Ellende sets forth what once bands as Empyrium set out to do; the feel of classical romanticism draped in anguish, woe and despair. Given a voice by tear jerking melodies, melancholic folk and mid-tempo screeching black metal. Just my cup of tea.
Atmospheric black from South Africa. It checks all the boxes; winding and stretched mid-tempo walls of noise, contemplative acoustics interludes and harrowing screams. But that's just it; it just checks the boxes. It's good, but it lacks some identity sadly.
A very minimalistic, neo-classical soundtrack which is nothing but brooding and brooding, untill the sudden swell of the horns which die away as fast as they came. It's made of course for the suspense of the movie, but it holds up really well on it's own. And there are a few OST that can say that.
Dip in darkness and despair in the deep desolate woods with Veldes. Proper folk-black with decent production and interesting hooks and some quality screams. But on a whole the albums tends to lack variety in sound and foremost in the vocals. A good first impression that I don't think will last.
Firewatch (the game) is all about interactive storytelling with dialogs, graphics, art and of course music. The music stands fine on it's own, but a few listens in it becomes apparent that the best way to listen this soundtrack is in the game.
Uada seems to be one of the frontrunners of the new American black metal scene, and I like it. It's a fresh take on the old black-trash bond with staggering modern black and old school trashy solo's.

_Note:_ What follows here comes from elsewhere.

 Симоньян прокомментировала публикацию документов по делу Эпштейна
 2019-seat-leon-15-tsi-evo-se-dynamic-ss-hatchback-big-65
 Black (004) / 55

A heavy focus on the concept behind the album, which didn't really do it any good. Find it hard to keep myself interested, though there are some nice riffs. But progmetal with clean vox isn't what I search for in the Mouth of the Architect.
Continuing the path set by Mala, more away from the freakyness and more into the calm and warm tones of neofolk, with a tiny hint of psychedelics on it's edges. Fine background music to relax to.
A post-black-electro ambient record (Think 'Celestite' by WITTR). Though this has nothing to do with black metal other then the intent. It's a fine amateur record, but it's not at all renewing or revolutionary in what it does.
Strechted doom metal with clean vocals. A Dutch/French split with mostly the same ingredients. It sounds just fine for doom metal, but I can't say I'm a big doom fan.
On this split with two of the most promising new BM bands in The Netherlands both bands bring their A-game to this split. Laster's part is intense and furious whereas Wederganger take their time on brooding midtempo pagan black.
Downtempo-tech-house-electronica from Amsterdam. The first full-length after a promising EP, and boy does it deliver. It's a most relaxing record with soft beats, subtle instrumentation and enough good inspiration to make it last.
What's in a name? The same as in this album, an epic tale of history of one of the most brutal and literally frostbitten artic voyages. What best to tell such tale with grim black metal and theatrical interludes? This album is literally made to tell a true story, and it's well worth sitting down for
A Moonsorrow record is quickly identified: Heavy riffs chugging, realistic soundcapes and deep war drums, and brutal singalongs. But the records start to blend together, and as such, this one doesn't grasp me as much as others do. It lacks memorable riffs and songwriting that Kivenkantaja does have.
The first proper full-length after years of touring on demos and a split-up of the band, and I can say it disappointing. It doesn't deliver on the dynamic, deep post-metal I'd come to expect. It has it's moments but is rather flat at the end of it.
The post-masters of Cult of Luna team up with the crazy wife Julie Christmas and it works like a charm. Their deep and haunting post metal is met with the vocal marriage of the growls of Johannes and crazy screams of Julie, and boy does magic happen.
AMG hailed this as a pure brand masterpiece, and I can see why. It does a lot, from black metal structuring to deathmetal riffing, folk interludes etc. But it's all done too well to my taste; it's too polished, shiny and produced for my ears.
Seeing Skuggsjá (Wardruna & Enslaved) perform live was a real privilege, since it wasn't really supposed to be more then a one time thing. The record that wasn't supposed to be made is here now and it's a proper reflection of the project. Deep folk and roaring folk-black metal.
Forndom does what Wardruna does; make a historical connection to the Viking-spirituals back in the day. The difference, however, is that Forndom takes a slow pacing and deep, calm sounds to tell the tale, where Wardruna tends to explode into epic showdowns.
I want to like this, since I always said there wasn't a Borknagar record that I don't love. But alas, here we are. Extra sad is that Garm (Ulver) is on in the vocals, so the dissapointment is bigger. The main problem is a lack of coherence in the vocals and all-over feel of the album.